··· Dataset extract
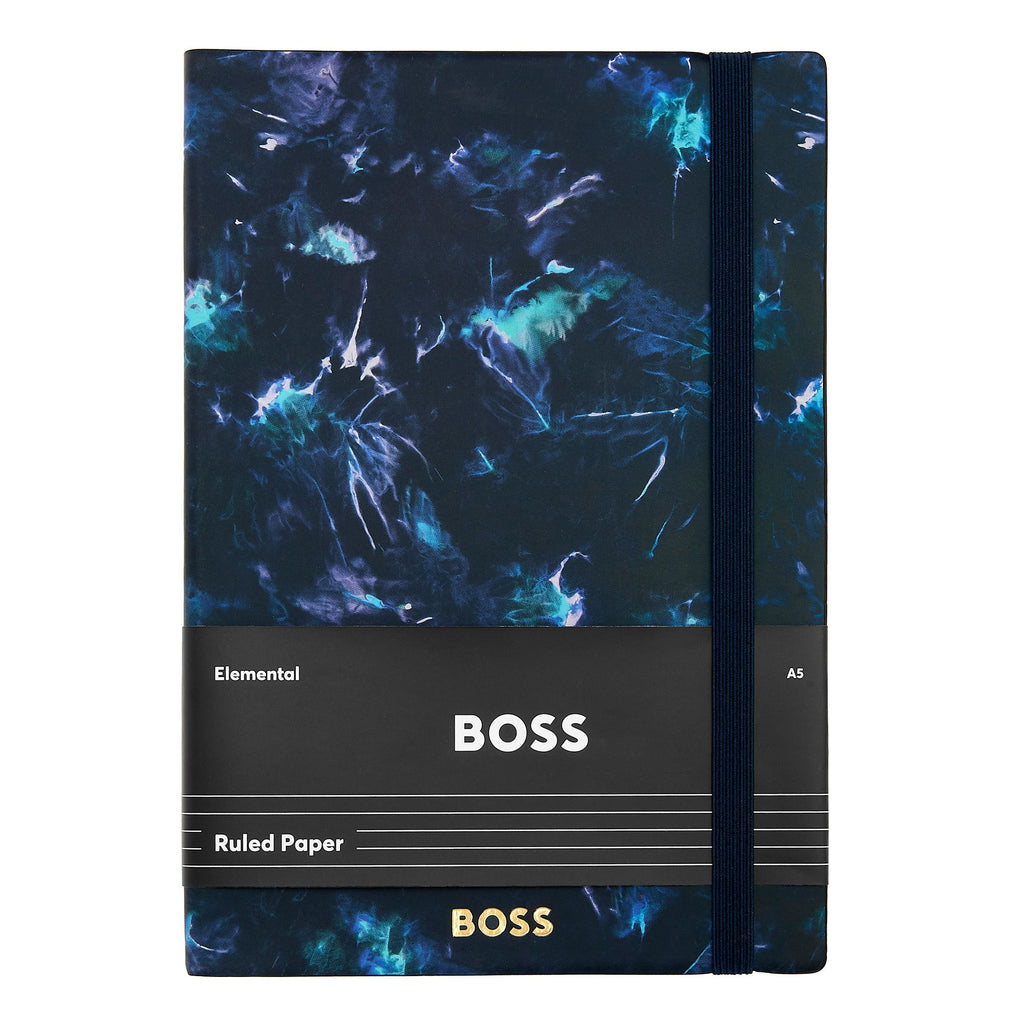 BOSS A5 Notebook Tie-dye Flower Navy Lined with gold imprinted logo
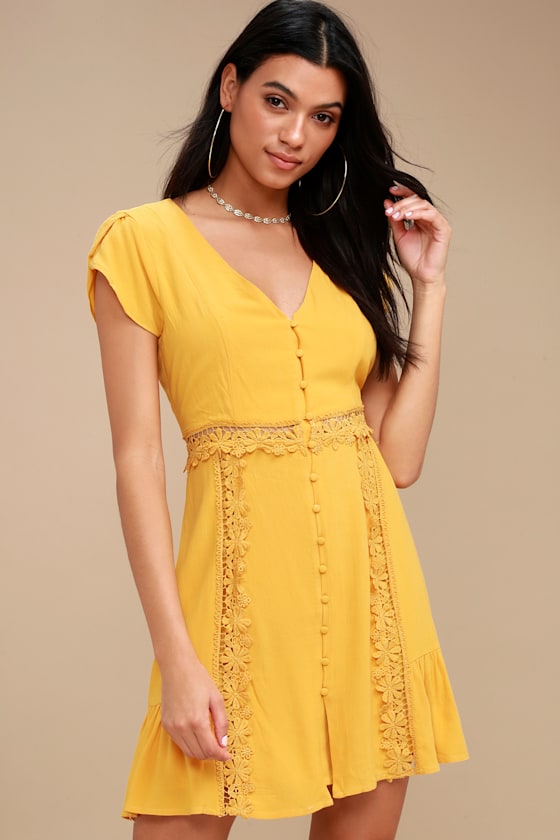 Wistful Wanderer Mustard Yellow Crochet Lace Dress 2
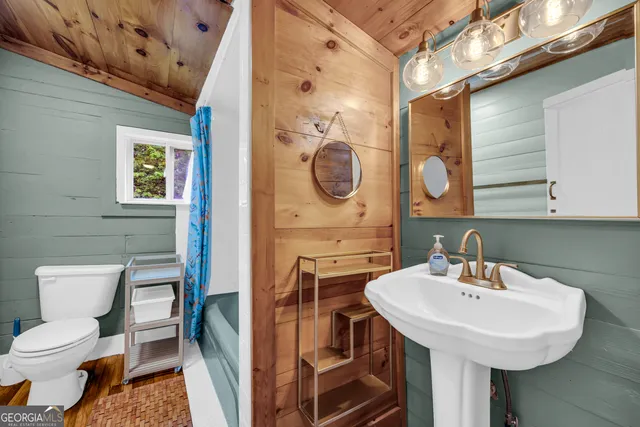 a bathroom with a sink a mirror and a toilet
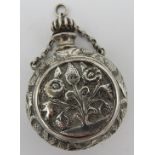 AN ELEGANT SILVER 'MOON FLASK' CHATELAINE SCENT BOTTLE, each side inset with a chased circular panel
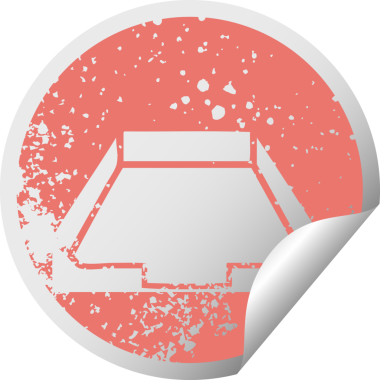 Bir insan tarafından çizilmiş bir posta kutusunun sıkıntılı dairesel soyulan etiketi.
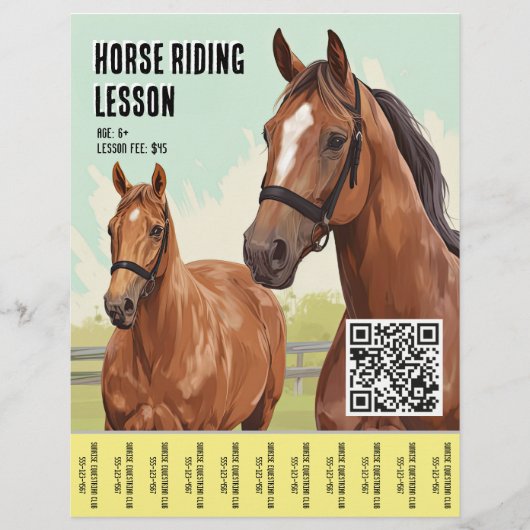 Minimale paardrijles met QR-code Flyer (Voorkant)
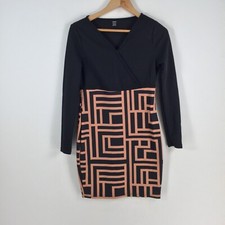 Shein womens dress size M aus 10 bodycon pencil black geometric long slv 061605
······
Please repeat the records above exactly, leaving every picture out.

Reply:
 BOSS A5 Notebook Tie-dye Flower Navy Lined with gold imprinted logo
 Wistful Wanderer Mustard Yellow Crochet Lace Dress 2
 a bathroom with a sink a mirror and a toilet
 AN ELEGANT SILVER 'MOON FLASK' CHATELAINE SCENT BOTTLE, each side inset with a chased circular panel
 Bir insan tarafından çizilmiş bir posta kutusunun sıkıntılı dairesel soyulan etiketi.
 Minimale paardrijles met QR-code Flyer (Voorkant)
 Shein womens dress size M aus 10 bodycon pencil black geometric long slv 061605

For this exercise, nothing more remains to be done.